Arabada çocuk unutulur mu?
Bir hafta önce Bursa'da müteahhit babası tarafından şantiyenin önüne park edilen otomobilin içinde unutulan 4 yaşındaki Ali Furkan sıcak ve havasızlıktan boğularak ölmüştü.
İki gün önce de Kayseri'de otomobilin içinde kilitli bırakılan ve havasızlıktan bayılan ikizler, camı kıran polisler tarafından son anda hastaneye yetiştirildiler.
Allah, Ali Furkan'ın babasına sabır ve metanet ihsan eylesin. Kim bilir vicdan azabı yüzünden çocuğunun ardından günde kaç kez ölüyordur. Allah yardımcısı olsun.
Gelin görün ki, evlat candan ötedir. Büyük konuşmak istemem, Rabbim kime ne gösterecek bilinmez. Ama insanın "çocuğunu unutması" bana kabul edilebilir gelmiyor. Kendi adıma söylemem gerekirse, bu, "kalbimi" arabada unutmakla eşdeğer...
Bu marşı sevdim
2009 yılında Eurovision'da Norveç'e birincilik getiren ve o yıl pek çok ülkede liste başı olan Alexander Rybak'ın "Fairytale" adlı şarkısı şimdi de Avrupa Futbol Şampiyonası öncesinde A Milli Futbol Takımımız'a marş oldu.
Milli Takım sponsorlarından Turkcell tarafından hazırlatılan marşı çok sevdim. Klip ne zaman ekrana gelse içimi bir coşku ve heyecan kaplıyor. Ritmi de, müziği de, sözleri de bana "İşte tribün marşı böyle olur" dedirtiyor.

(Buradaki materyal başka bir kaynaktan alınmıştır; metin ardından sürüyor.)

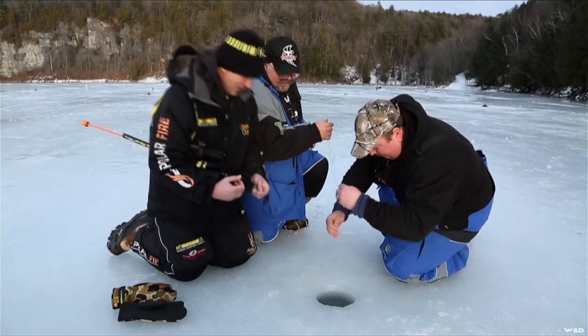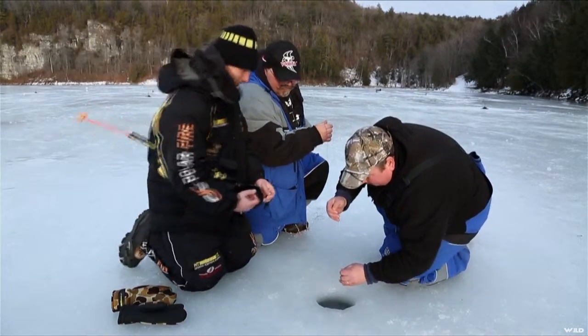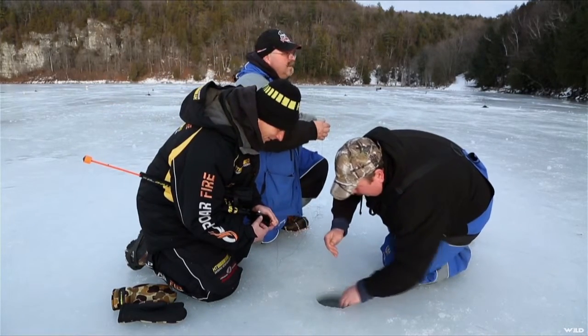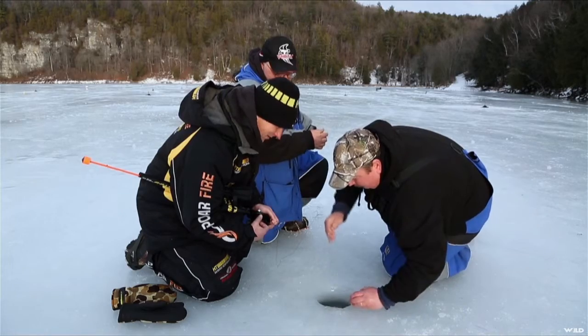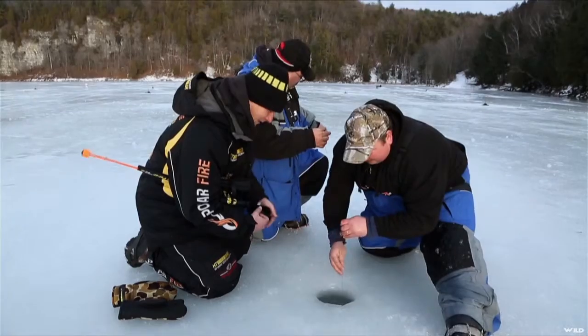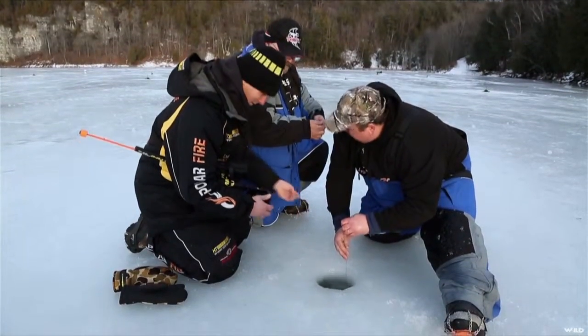Make sure the line goes smooth. She's tiring out. We just got to get her head turned. There you go, nice and easy Jamie. Nice and easy, don't let her go. Got it loose yet? Yeah, it's a really good fish.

Gelgelelim aynı heyecanı takımımız için duyamıyorum maalesef. Oynadığı 4 hazırlık maçının hiçbirini kazanamayan ay-yıldızlı ekibimizde parlayan tek yıldız, genç Arda Güler. Ne yaparsa Arda yapar gibime geliyor...
Gaf'let kürsüsü
İçinde hasta olmadığını sandıkları için dolu ambulansın önünü kesen ve kapıları açtırıp kontrol eden motosikletli magandaları hayatımızın neresine koyacağız peki?
Zap'tiye
Kutlamada herkes coşup dans ederken dakikalarca donup kalan ABD Başkanı Biden'ı, kuklacısı, "stand by konumunda" mı unuttu acaba?
Ne demiş?
Hülya Avşar, program konuğu Berfu Yenenler'in "Ünlü olmak gibi bir arzum hiç olmadı" sözüne ilginç bir yorum getirdi: "Güzellik yarışmasına katılmışsın. Eser gibi bir çocuğa yürümüşsün. Maşallah hiç aklında yokmuş."